WEST BOUNTIFUL—Things got a little heated at last week’s West Bountiful City Council meeting as members of the audience started throwing barbs back and forth with city officials over a proposed tax increase.
“Do we even know what the city budget is?” asked resident Mark Page during the public hearing. “What are you doing to control expenses? Are you giving reasonable raises? Working people have a struggle to get a pension. My workweek is 60 hours. I don’t think any city employees even work 40 hours.”
Those comments drew the ire of West Bountiful Police Chief Todd Hixon. “We have to balance our hours to cover shifts because our call volume has increased,” he said, “let alone the type of calls coming in. The world is ever changing – we have to adapt. I’ve got guys who haven’t had a day off in weeks because we have to cover shifts.”
“I’m just asking,” shot back Page. “Is the city so comfortable that nobody’s worried about their job? Has anyone lost their job?”
Hixon assured him that the police department has high accountability. “I’ve terminated several people,” he said.
Mayor Ken Romney chimed in stating there were only four people of 26 full-time employees that are still with the city since he took office.
Prior to the public hearing, City Administrator Duane Huffman gave a presentation on the proposed tax increase of approximately $33.82 a year on a $297,000 residence and a $61.48 increase per year on a business of the same value.
Huffman listed the city’s capital needs for the next 10 to 15 years as:
• Water – $4.8 million
• Streets – $6.1 million
• Storm water – $2.3 million
• Public Works Facility – $2 - $4 million
“With the property tax over 10 years we’d get about $1.9 million and over 15 years about $2.9 million,” said Huffman. “It would make a significant dent in the shortfall. Another option is storm water/street fees. But in our city a property tax would probably be better than fees because we have a large entity (refinery) paying 60 percent of our property tax.”
The first resident up to the podium asked why the city keeps the golf course. “It’s like beating a dead horse,” he said. “It’s not giving us anything.”
But council member James Ahlstrom said he thought the golf course provided nice open space in the city. “It produces revenue and adds value to the community.”
Another resident opposed to the tax increase voiced concern that the city would come back for more in the future. “As Holly (refinery) depreciates our houses will go up,” he said. “Then we’ll have to revisit it again.

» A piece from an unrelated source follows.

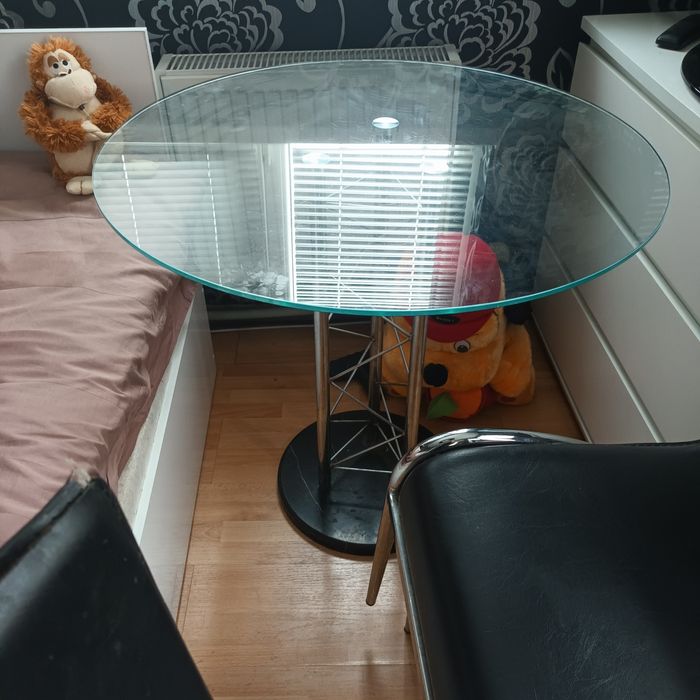 Маса и 4 кожени стола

Cities can always find a place to spend money.”
“If one family loses their home because they’re on a fixed income – then we’ve failed,” said another resident.
Ahlstrom became a bit agitated and pointed out that most people don’t come out to the council meetings until there is a tax increase. “People come to meetings that have not come before,” he said. “The tax will keep the status quo or less. I encourage everybody to participate in the budget process before the tax notice comes out. There are legitimate needs out there. It’s been about a three-month process and all of the work sessions have been advertised so you can weigh in. If you think there’s some pork there let me know.”
As the council discussed the proposal, Romney pointed out they have had to make increases in the past. “We had some tough things on the water system and we took a pretty aggressive approach,” he said. “It was tough – but needed to be done. It wasn’t pretty and it was tough on the citizens. We ended up only doing half of what we proposed and needed. I’d love to not pay taxes but we have to keep the big picture in mind.”
Council member Kelly Enquist wasn’t enthusiastic about the increase. “I’m not in favor,” he said. “I look at the fleet of vehicles down to the golf carts and employee salaries. Our budget is excessive. I think we could tighten it up a notch and be just fine.”
“When I came in this was a broke city,” said Council member Mark Preece. “We couldn’t do any of the things we needed. We need to think for more than just the next year. We need to think 20 years. Where we’re going with the city is where we should be. We’re not recklessly spending your money.”
Ultimately, the council voted to pass the increase with James Bruhn and Enquist opposing.